(Captioned web image data)
Segment Open

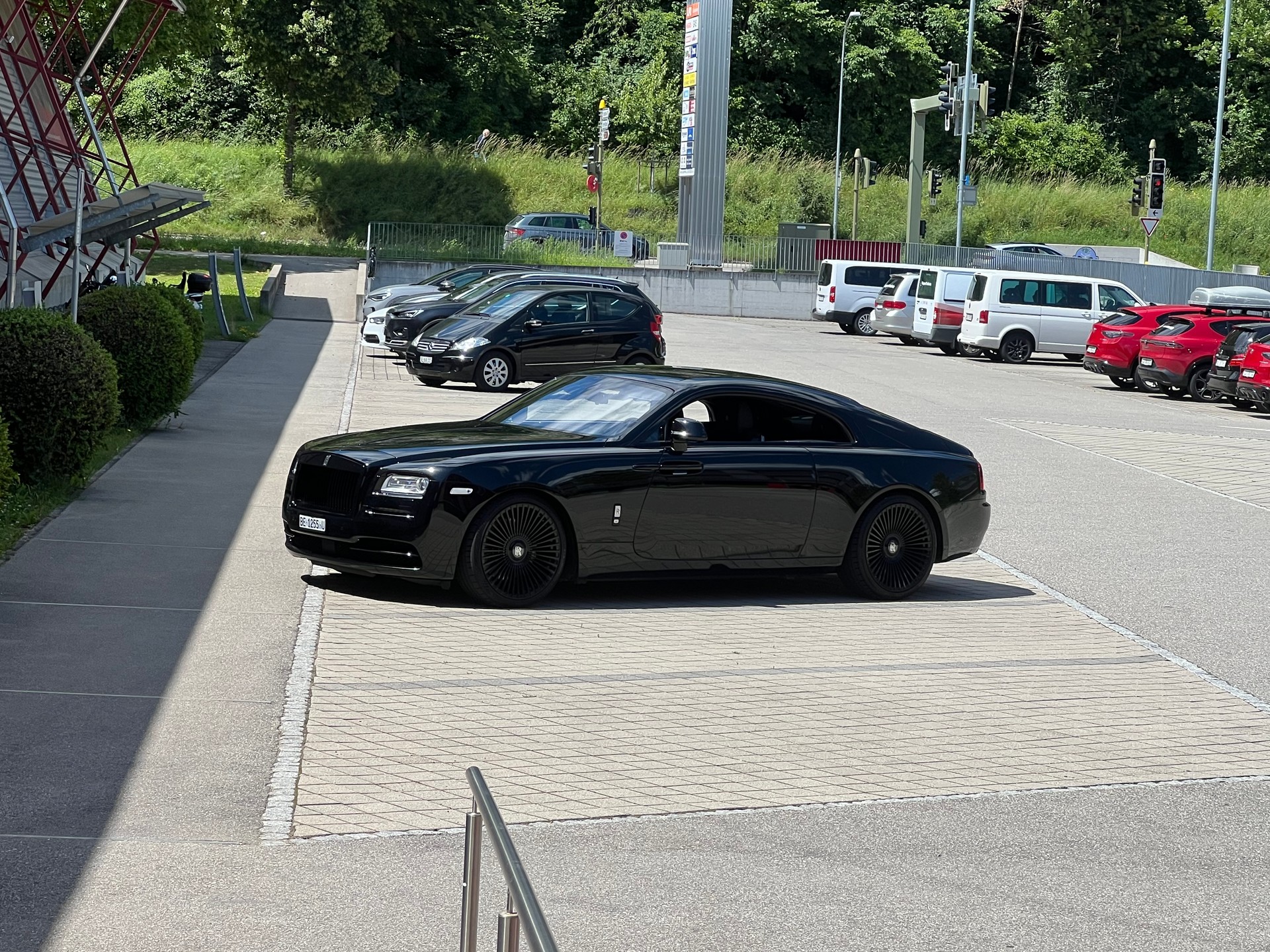 ROLLS-ROYCE "BLACK IS BEAUTY" WRAITH COUPE 6.6 V12 "BLACK BADGE OPTIC" CH WAGEN. AB MFK + AB SERVICE. MIT 632 PS.-showroom-element-2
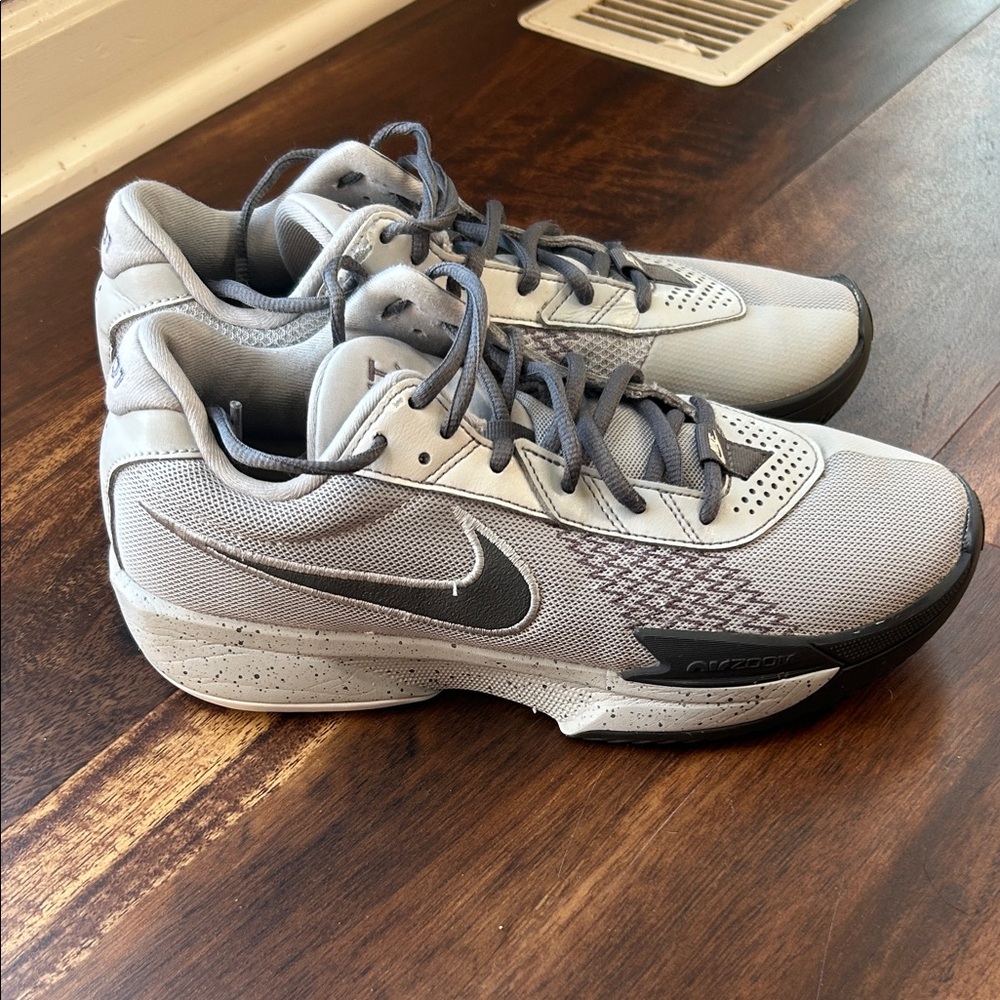 Nike Men's Gray and Black Athletic Shoes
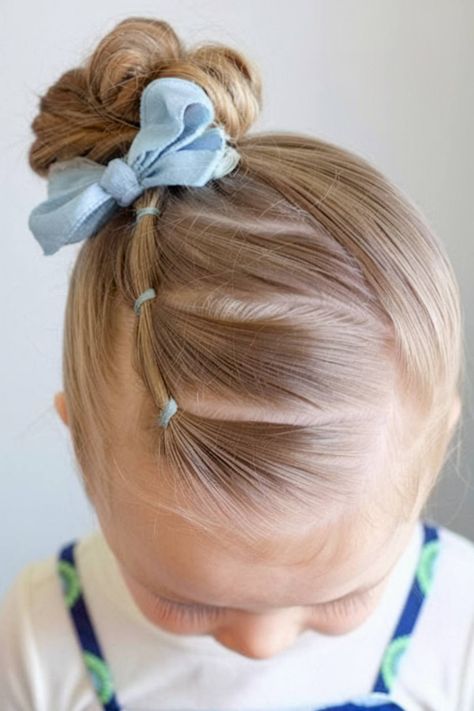 Simple updo hairstyle for toddlers with a bow accessory Updos For Little Kids, Hảir Style For Toddler Girl, Girls Hair Updos Easy, Fine Hair Toddler Hairstyles, Fancy Toddler Hairstyles, Toddler Hairstyles Girl With Bangs, Toddler Dance Recital Hair, Hairstyles For Preschoolers, Girl Easy Hairstyles Kids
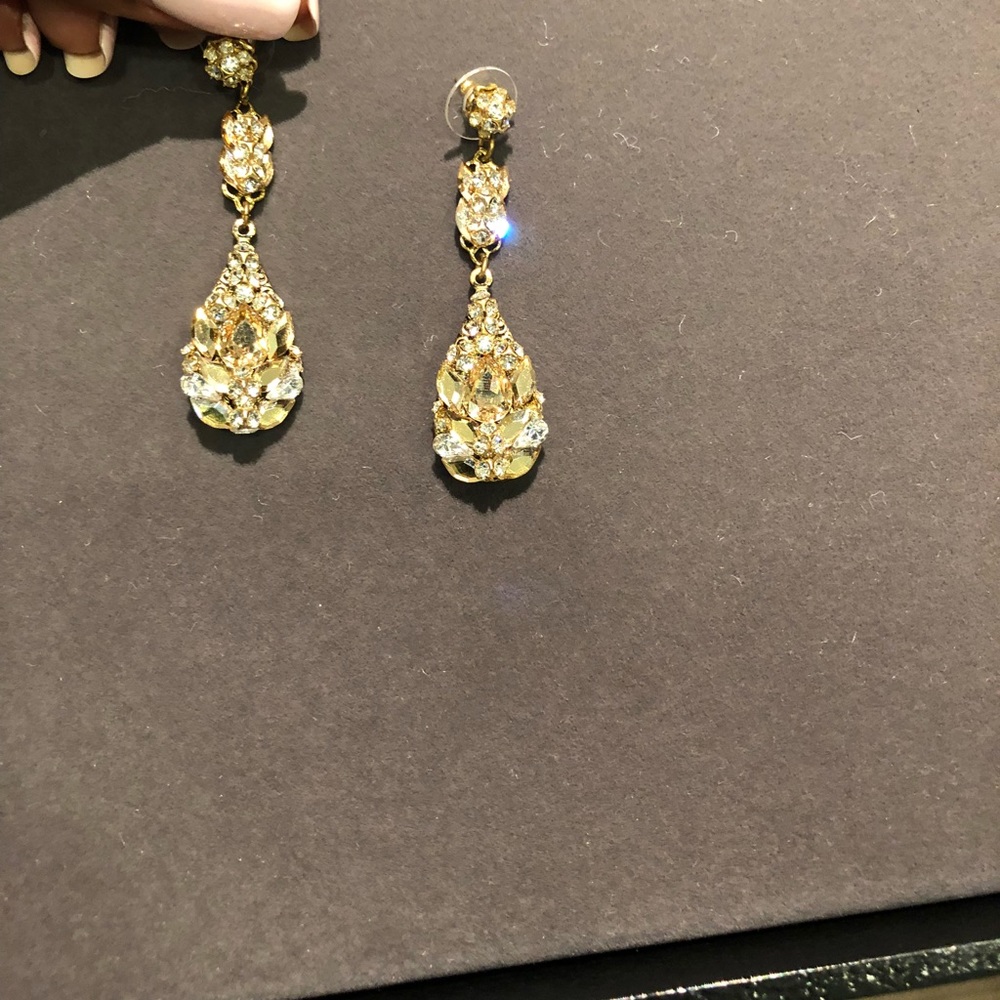 Maria Elena Earrings - Picture 3 of 3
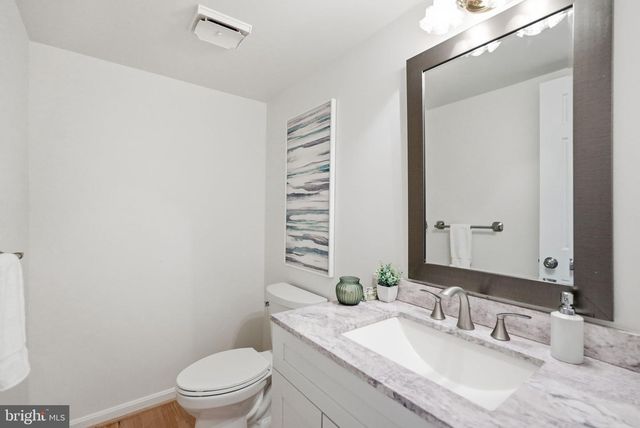 1015 SAMPLERS WAY, Potomac, MD 20854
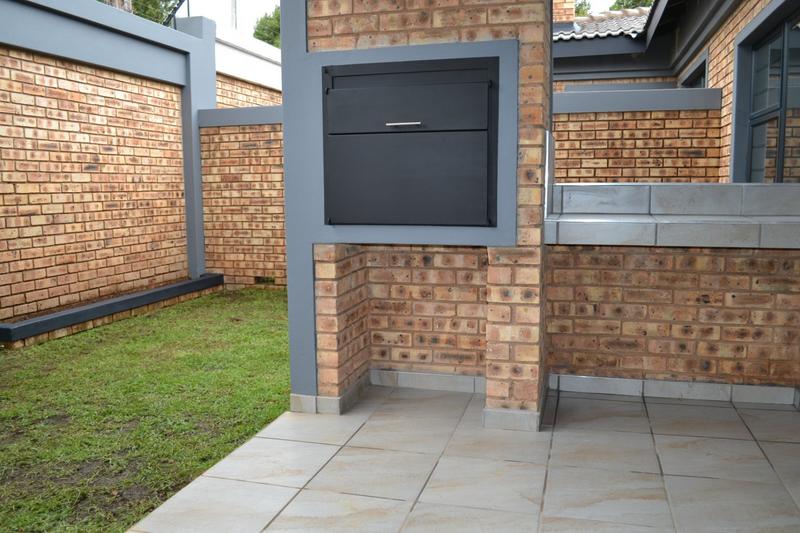 To Let 3 Bedroom Property for Rent in Kenmare Gauteng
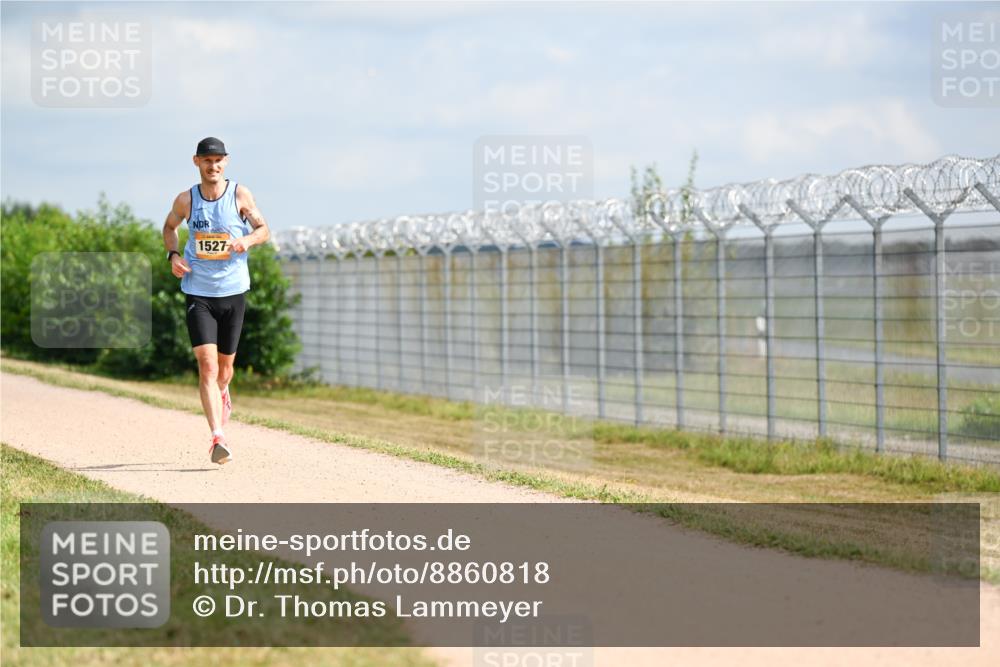 14.09.2025 - Airport Race Dr. Thomas Lammeyer http://msf.ph/oto/8860818 14.09.2025 11:50:55 Laufen 1527 meine-sportfotos.de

Segment Closed

What is needed |
Omit every picture, and otherwise quote the entries exactly.

Answer area |
 ROLLS-ROYCE "BLACK IS BEAUTY" WRAITH COUPE 6.6 V12 "BLACK BADGE OPTIC" CH WAGEN. AB MFK + AB SERVICE. MIT 632 PS.-showroom-element-2
 Nike Men's Gray and Black Athletic Shoes
 Simple updo hairstyle for toddlers with a bow accessory Updos For Little Kids, Hảir Style For Toddler Girl, Girls Hair Updos Easy, Fine Hair Toddler Hairstyles, Fancy Toddler Hairstyles, Toddler Hairstyles Girl With Bangs, Toddler Dance Recital Hair, Hairstyles For Preschoolers, Girl Easy Hairstyles Kids
 Maria Elena Earrings - Picture 3 of 3
 1015 SAMPLERS WAY, Potomac, MD 20854
 To Let 3 Bedroom Property for Rent in Kenmare Gauteng
 14.09.2025 - Airport Race Dr. Thomas Lammeyer http://msf.ph/oto/8860818 14.09.2025 11:50:55 Laufen 1527 meine-sportfotos.de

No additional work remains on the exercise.